Exercise directions
From the listing below, pull out the lines that hold "with".

Records supplied
------------------------------------------------

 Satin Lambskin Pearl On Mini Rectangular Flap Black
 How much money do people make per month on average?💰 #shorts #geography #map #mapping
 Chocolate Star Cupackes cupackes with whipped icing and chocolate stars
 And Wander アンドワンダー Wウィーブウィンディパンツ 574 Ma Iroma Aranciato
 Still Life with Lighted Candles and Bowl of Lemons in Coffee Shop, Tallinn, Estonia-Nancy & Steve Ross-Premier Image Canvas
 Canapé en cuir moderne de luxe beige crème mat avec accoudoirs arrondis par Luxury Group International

------------------------------------------------

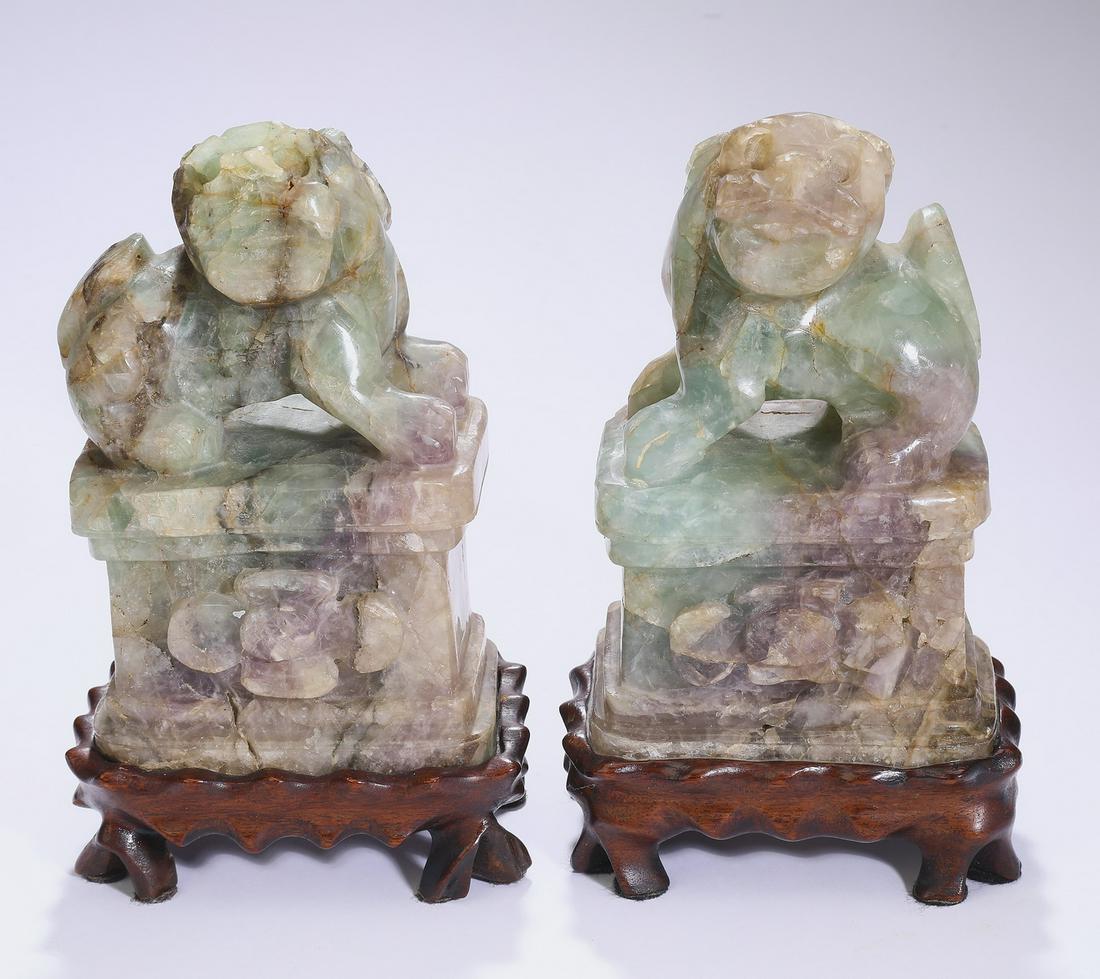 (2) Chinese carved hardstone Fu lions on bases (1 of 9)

------------------------------------------------

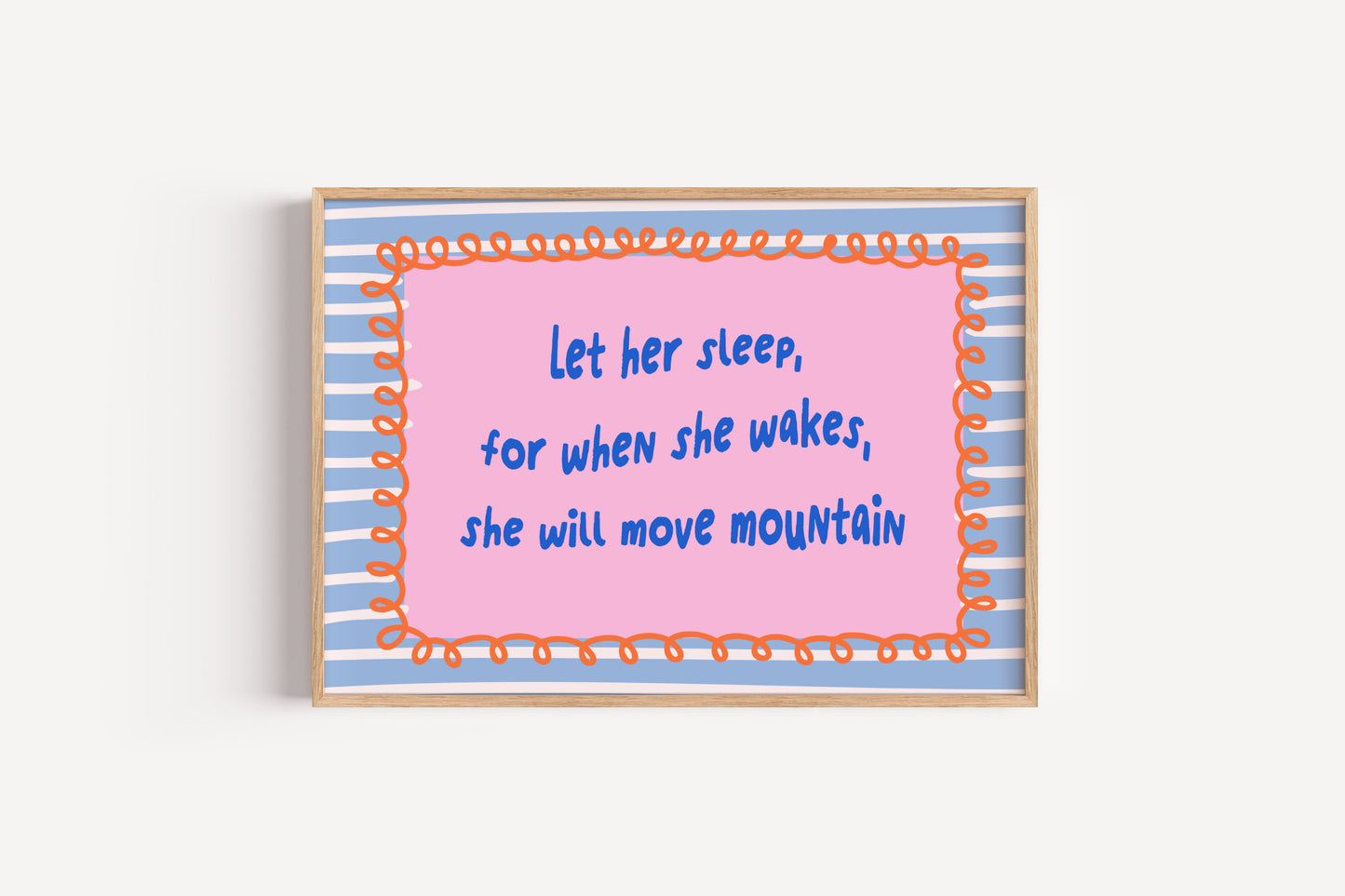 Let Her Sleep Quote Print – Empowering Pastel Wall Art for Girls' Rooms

------------------------------------------------

Worked solution
 Chocolate Star Cupackes cupackes with whipped icing and chocolate stars
 Still Life with Lighted Candles and Bowl of Lemons in Coffee Shop, Tallinn, Estonia-Nancy & Steve Ross-Premier Image Canvas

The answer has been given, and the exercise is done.